▶ Task requirements
Without including any pictures, reproduce the full listing exactly.

▶ Recorded information

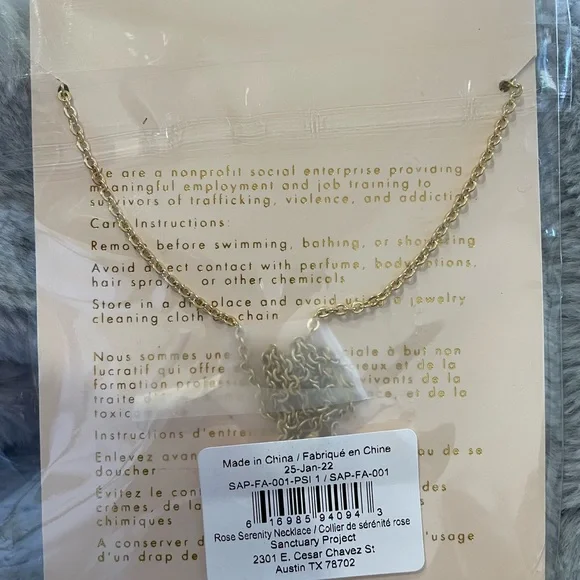 NWT Sanctuary Project Rose Serenity Necklace - Picture 4 of 5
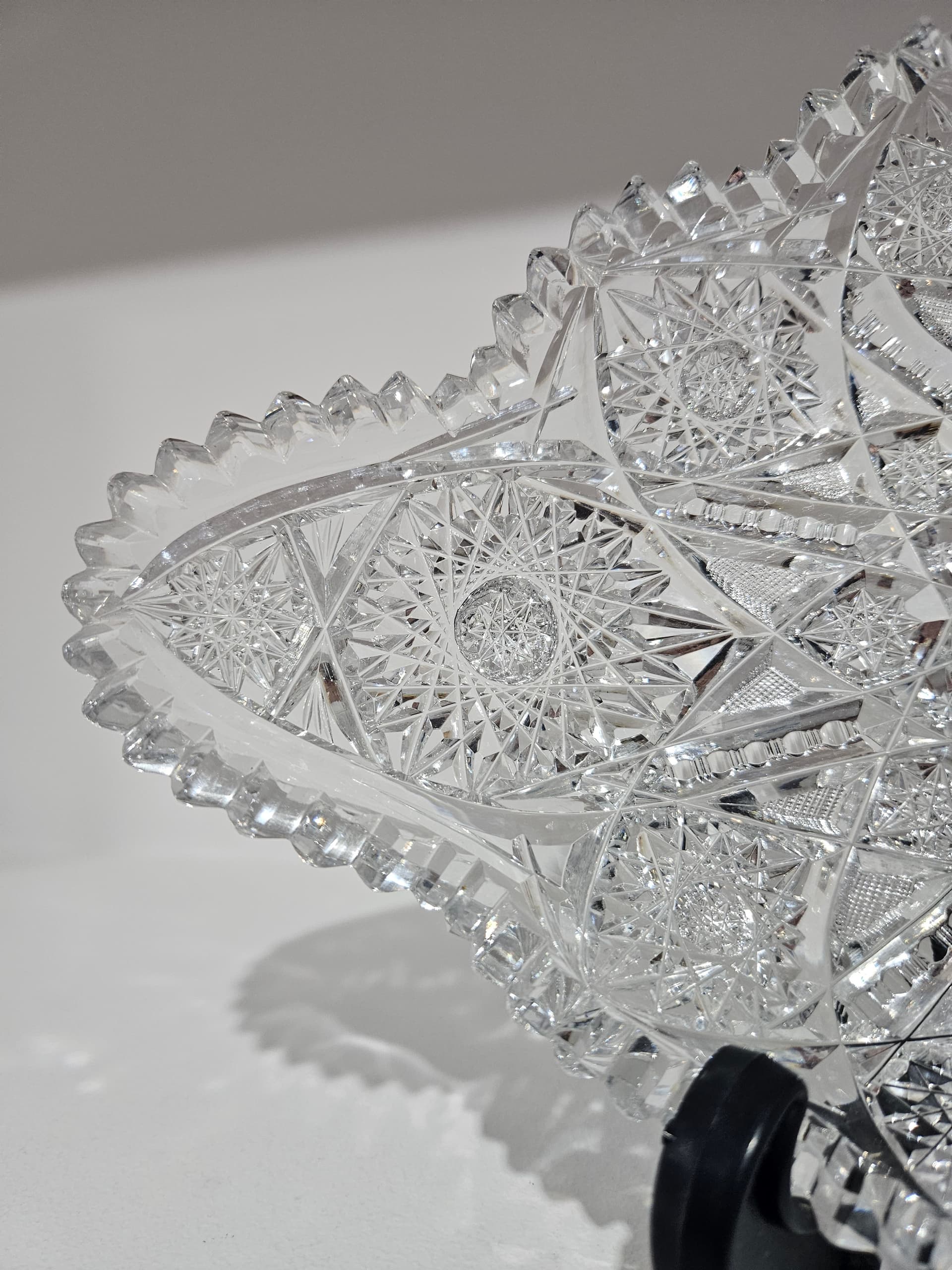 Bowl American Brilliant Cut Glass, clear crystal, USA, 1920s - 366096
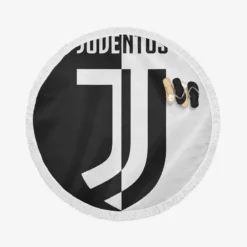 UEFA Champions Leagues Club Juventus Logo Round Beach Towel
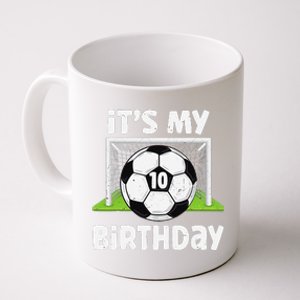 10 Years Old Soccer 10th Birthday Player Bday Party Coffee Mug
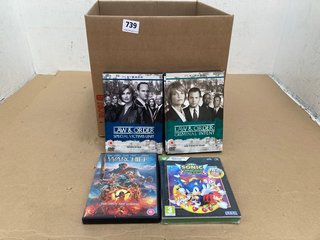 QTY OF ASSORTED DVDS TO INCLUDE THE LORD OF THE RINGS TRILOGY SET (PLEASE NOTE: 18+YEARS ONLY. ID MAY BE REQUIRED): LOCATION - H2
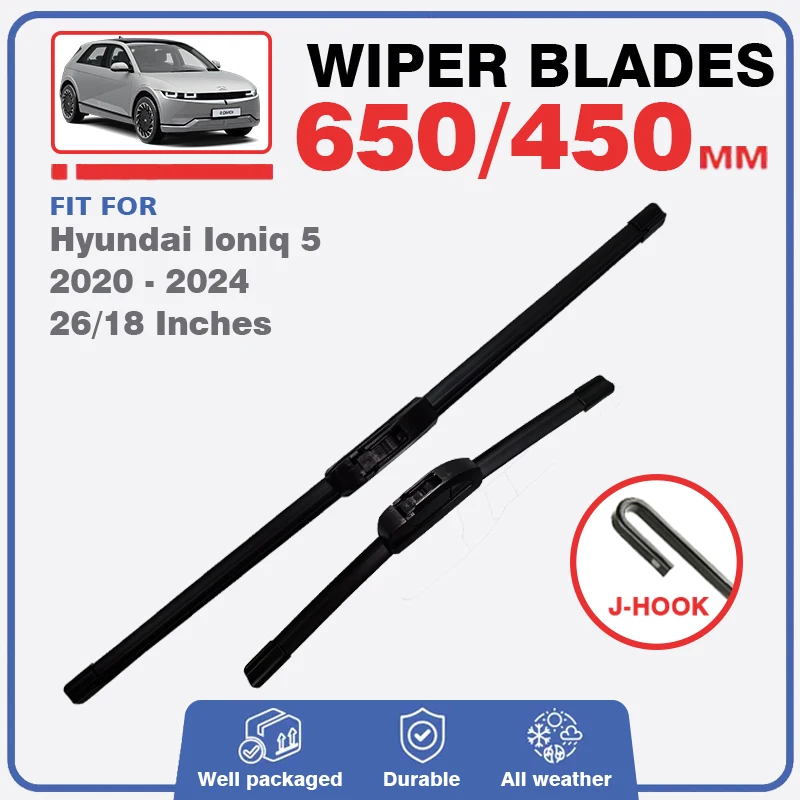 For Hyundai Ioniq 5 2016 - 2024 Front Windshield Wiper Blades PHEV Hybrid EV 2020 2021 2022 Windows Windscreen HD Brushes Refill 
For Hyundai Ioniq 5 2016 - 2024 Front Windshield Wiper Blades PHEV Hybrid EV 2020 2021 2022 Windows Windscreen HD Brushes Refill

▶ Output of the task
 NWT Sanctuary Project Rose Serenity Necklace - Picture 4 of 5
 Bowl American Brilliant Cut Glass, clear crystal, USA, 1920s - 366096
 UEFA Champions Leagues Club Juventus Logo Round Beach Towel
 10 Years Old Soccer 10th Birthday Player Bday Party Coffee Mug
 QTY OF ASSORTED DVDS TO INCLUDE THE LORD OF THE RINGS TRILOGY SET (PLEASE NOTE: 18+YEARS ONLY. ID MAY BE REQUIRED): LOCATION - H2
 For Hyundai Ioniq 5 2016 - 2024 Front Windshield Wiper Blades PHEV Hybrid EV 2020 2021 2022 Windows Windscreen HD Brushes Refill 
For Hyundai Ioniq 5 2016 - 2024 Front Windshield Wiper Blades PHEV Hybrid EV 2020 2021 2022 Windows Windscreen HD Brushes Refill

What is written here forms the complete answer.